Se Walker não agiu sozinho, tampouco Trump age. O flibusteiro do século 19 contou com apoio de interesses comerciais e expansionistas, assim como Trump é impulsionado pelos verdadeiros donos do poder: magnatas da tecnologia como Elon Musk e Mark Zuckerberg. Seu populismo e ataques às instituições não são apenas traços pessoais, mas servem aos que controlam a economia digital e a infraestrutura da informação. O poder tradicional migrou para grandes conglomerados tecnológicos, tornando Trump um agente útil, desviando a atenção das forças que realmente remodelam o mundo.
A comparação com Walker vai além da disposição de ambos em ignorar normas internacionais. Assim como Walker expandiu a influência americana por meio de intervenções diretas, Trump busca reconfigurar territórios conforme interesses específicos, projetando crises internas para fora. A instabilidade política, o descontentamento social e a criação de inimigos externos transformam a política expansionista em válvula de escape. Como Walker explorou fragilidades externas para consolidar poder, Trump usa crises domésticas para justificar medidas radicais fora das fronteiras.

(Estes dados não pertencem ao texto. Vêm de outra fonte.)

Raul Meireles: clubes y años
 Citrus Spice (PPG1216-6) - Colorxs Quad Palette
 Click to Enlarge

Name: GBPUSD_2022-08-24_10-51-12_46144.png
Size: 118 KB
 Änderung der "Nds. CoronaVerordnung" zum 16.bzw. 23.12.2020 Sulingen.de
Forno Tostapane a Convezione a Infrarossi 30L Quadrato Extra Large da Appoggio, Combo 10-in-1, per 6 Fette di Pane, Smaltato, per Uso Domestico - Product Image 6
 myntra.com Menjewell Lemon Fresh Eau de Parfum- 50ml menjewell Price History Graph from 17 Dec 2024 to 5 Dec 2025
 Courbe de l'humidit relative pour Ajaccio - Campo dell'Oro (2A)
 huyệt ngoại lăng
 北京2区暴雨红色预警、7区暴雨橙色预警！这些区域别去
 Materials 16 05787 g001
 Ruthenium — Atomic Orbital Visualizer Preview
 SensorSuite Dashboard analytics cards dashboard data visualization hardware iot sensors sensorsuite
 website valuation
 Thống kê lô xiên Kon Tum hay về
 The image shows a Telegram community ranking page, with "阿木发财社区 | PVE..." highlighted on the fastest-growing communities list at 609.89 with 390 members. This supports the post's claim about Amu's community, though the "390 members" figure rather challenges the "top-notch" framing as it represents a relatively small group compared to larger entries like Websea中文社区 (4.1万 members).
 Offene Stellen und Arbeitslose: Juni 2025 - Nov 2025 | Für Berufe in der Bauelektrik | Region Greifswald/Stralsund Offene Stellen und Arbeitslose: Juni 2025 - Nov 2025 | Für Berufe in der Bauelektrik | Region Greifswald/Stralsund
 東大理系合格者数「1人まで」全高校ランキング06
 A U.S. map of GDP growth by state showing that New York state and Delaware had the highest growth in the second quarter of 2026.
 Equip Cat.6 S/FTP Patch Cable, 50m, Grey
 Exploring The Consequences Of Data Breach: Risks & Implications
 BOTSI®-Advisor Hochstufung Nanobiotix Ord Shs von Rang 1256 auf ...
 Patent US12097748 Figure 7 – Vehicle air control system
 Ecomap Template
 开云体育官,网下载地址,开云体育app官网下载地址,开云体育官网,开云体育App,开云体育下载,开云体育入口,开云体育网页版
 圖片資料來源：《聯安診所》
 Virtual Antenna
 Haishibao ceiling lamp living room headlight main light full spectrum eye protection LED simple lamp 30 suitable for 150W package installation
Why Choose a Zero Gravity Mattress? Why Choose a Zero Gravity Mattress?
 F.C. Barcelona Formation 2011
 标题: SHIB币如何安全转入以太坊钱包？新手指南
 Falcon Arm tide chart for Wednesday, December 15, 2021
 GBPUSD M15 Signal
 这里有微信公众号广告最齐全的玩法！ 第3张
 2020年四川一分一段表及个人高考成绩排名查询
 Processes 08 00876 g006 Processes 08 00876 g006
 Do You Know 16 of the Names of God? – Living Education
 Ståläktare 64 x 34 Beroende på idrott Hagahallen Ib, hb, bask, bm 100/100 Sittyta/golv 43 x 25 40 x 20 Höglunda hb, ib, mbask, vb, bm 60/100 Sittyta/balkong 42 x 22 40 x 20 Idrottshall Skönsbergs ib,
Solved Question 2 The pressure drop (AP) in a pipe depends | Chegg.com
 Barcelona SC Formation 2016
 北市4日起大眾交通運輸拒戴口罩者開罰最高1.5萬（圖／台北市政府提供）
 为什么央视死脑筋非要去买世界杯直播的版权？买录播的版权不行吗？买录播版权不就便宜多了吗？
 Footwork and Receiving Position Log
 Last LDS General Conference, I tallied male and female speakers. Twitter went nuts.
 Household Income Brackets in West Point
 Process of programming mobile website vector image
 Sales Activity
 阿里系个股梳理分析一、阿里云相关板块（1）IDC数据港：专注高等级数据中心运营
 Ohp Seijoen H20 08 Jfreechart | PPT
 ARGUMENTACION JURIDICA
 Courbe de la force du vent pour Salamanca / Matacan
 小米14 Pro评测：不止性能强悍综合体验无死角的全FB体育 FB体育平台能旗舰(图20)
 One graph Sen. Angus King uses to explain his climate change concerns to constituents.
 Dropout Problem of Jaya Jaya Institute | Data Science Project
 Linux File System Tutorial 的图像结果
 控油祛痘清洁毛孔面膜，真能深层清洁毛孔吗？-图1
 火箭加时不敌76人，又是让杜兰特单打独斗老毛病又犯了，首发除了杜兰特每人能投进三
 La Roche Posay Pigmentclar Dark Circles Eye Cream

Flibusteiros seguem um ciclo previsível: exploram fragilidades, convencem aliados temporários e, quando a realidade se impõe, são descartados. Walker teve apoio de setores nicaraguenses que, ao perceberem que seu flibusteirismo só o beneficiava, deixaram-no à própria sorte. Trump e seus parceiros que vendem ilusões talvez descubram o mesmo: a história não protege aventureiros por muito tempo. No final das contas, o legado desses flibusteiros será, como sempre, uma história de ilusões desfeitas e ambições fracassadas.